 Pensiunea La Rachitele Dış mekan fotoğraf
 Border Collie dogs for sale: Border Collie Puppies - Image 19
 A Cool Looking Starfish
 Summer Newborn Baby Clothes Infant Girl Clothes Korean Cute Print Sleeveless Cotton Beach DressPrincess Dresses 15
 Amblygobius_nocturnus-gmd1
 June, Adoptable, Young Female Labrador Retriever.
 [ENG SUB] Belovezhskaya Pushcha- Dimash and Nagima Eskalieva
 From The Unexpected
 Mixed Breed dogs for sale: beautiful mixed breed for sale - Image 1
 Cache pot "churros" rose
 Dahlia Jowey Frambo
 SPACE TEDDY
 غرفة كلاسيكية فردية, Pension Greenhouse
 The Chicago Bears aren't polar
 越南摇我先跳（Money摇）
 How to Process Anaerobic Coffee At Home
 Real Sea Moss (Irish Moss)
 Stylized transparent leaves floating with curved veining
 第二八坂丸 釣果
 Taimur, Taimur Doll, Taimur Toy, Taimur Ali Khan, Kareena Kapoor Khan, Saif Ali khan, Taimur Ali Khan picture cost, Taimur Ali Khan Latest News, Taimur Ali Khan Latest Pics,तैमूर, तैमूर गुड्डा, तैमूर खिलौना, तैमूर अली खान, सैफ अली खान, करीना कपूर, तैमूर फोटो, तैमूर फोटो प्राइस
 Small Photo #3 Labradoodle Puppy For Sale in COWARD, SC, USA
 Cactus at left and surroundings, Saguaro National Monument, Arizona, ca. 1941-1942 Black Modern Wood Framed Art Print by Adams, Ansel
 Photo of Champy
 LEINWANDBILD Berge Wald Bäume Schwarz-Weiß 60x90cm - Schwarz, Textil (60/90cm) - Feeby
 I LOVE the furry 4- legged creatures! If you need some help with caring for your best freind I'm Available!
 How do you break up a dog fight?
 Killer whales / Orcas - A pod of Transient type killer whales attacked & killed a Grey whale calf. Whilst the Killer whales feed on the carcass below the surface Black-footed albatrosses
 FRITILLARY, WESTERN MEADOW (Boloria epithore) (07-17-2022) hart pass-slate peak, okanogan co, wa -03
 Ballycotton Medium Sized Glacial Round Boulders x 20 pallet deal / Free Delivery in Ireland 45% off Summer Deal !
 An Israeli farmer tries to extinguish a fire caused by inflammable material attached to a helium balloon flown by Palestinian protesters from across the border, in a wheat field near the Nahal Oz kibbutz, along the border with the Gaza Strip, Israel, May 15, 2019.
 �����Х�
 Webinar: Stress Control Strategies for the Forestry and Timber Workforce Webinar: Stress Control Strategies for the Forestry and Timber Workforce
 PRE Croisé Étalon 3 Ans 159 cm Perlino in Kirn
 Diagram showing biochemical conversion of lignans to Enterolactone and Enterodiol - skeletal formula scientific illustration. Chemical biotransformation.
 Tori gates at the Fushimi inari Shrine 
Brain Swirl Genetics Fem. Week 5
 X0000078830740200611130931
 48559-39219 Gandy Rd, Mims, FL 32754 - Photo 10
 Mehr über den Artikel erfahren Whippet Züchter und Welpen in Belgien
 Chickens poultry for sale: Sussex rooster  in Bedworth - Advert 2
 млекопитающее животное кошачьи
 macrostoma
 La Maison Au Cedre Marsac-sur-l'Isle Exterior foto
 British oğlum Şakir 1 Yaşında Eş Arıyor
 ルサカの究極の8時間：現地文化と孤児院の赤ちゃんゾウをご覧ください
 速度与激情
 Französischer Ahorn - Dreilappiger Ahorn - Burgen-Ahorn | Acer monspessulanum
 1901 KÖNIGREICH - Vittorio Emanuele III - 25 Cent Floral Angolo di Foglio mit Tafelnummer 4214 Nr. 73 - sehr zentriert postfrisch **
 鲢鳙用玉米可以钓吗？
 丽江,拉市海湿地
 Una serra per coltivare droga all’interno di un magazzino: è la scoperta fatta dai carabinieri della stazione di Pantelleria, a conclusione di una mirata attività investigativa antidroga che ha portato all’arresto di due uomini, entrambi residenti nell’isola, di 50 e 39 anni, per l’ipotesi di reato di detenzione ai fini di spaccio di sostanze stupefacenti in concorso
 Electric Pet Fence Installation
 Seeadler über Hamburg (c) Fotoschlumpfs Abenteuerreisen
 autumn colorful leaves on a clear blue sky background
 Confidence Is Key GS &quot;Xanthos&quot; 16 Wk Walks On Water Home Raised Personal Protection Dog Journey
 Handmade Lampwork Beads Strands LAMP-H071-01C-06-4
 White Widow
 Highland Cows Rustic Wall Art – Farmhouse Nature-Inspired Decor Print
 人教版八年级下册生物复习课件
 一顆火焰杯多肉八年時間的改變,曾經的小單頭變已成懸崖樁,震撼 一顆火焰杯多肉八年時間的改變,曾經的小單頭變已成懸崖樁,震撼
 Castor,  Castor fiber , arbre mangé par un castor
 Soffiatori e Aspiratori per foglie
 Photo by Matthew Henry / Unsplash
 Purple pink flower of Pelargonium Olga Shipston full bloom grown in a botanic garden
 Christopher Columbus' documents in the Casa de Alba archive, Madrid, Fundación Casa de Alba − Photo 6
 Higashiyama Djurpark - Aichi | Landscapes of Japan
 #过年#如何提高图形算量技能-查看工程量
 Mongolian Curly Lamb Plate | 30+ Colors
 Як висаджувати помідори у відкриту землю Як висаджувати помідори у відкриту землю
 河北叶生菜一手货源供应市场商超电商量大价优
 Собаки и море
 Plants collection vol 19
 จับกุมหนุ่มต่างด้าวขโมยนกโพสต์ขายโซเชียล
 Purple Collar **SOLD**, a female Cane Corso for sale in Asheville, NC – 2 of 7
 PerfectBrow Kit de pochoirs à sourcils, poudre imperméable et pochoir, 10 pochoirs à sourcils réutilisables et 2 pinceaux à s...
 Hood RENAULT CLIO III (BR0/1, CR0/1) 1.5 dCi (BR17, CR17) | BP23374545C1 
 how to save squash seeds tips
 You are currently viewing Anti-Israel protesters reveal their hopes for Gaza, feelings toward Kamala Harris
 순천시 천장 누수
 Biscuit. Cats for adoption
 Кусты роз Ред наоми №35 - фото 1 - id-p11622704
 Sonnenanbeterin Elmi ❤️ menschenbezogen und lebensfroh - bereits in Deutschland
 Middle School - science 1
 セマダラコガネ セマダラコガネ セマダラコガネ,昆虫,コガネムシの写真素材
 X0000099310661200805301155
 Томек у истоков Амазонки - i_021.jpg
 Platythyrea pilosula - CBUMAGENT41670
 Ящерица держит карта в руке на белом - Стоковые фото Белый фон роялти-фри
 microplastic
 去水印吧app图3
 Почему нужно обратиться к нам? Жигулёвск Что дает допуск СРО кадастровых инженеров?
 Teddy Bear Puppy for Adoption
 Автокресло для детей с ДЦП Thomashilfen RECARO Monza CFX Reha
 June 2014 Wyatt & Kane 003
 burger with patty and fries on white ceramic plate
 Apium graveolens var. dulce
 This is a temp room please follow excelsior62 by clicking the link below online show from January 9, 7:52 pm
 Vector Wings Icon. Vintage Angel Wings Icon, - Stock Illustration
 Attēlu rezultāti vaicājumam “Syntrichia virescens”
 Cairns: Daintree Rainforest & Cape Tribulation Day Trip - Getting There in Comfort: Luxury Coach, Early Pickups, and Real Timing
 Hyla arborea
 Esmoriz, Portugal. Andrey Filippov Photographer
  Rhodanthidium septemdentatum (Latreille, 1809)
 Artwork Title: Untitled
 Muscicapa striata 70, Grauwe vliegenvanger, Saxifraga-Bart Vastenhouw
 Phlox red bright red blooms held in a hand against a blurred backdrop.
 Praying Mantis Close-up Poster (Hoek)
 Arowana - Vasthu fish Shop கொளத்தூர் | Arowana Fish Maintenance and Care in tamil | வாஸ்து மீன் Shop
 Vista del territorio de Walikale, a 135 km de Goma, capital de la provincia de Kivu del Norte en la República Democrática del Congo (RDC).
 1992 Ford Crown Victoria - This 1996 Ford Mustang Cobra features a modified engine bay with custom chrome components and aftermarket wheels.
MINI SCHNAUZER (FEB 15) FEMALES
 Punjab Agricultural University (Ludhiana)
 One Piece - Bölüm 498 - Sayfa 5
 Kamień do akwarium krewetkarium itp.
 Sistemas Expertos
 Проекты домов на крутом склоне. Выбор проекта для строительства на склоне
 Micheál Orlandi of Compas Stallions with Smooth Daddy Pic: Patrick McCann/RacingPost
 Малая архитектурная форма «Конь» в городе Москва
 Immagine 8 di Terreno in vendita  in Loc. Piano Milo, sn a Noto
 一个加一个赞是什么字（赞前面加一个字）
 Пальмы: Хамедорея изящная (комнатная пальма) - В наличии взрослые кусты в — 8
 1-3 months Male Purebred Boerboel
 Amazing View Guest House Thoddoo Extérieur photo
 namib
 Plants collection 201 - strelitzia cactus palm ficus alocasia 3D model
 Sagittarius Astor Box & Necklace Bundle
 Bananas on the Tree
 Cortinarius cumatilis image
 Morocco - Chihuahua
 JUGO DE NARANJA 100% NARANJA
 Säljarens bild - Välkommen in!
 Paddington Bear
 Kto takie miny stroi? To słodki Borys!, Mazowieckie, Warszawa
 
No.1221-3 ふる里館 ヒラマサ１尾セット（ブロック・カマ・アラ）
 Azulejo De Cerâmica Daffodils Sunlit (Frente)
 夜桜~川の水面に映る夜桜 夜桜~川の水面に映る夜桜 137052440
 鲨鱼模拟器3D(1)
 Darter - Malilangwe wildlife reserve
━━━━
**What is being asked:** Using the entries above, say how many lines include the word "below", with no other output.

**Result of this exercise:** 2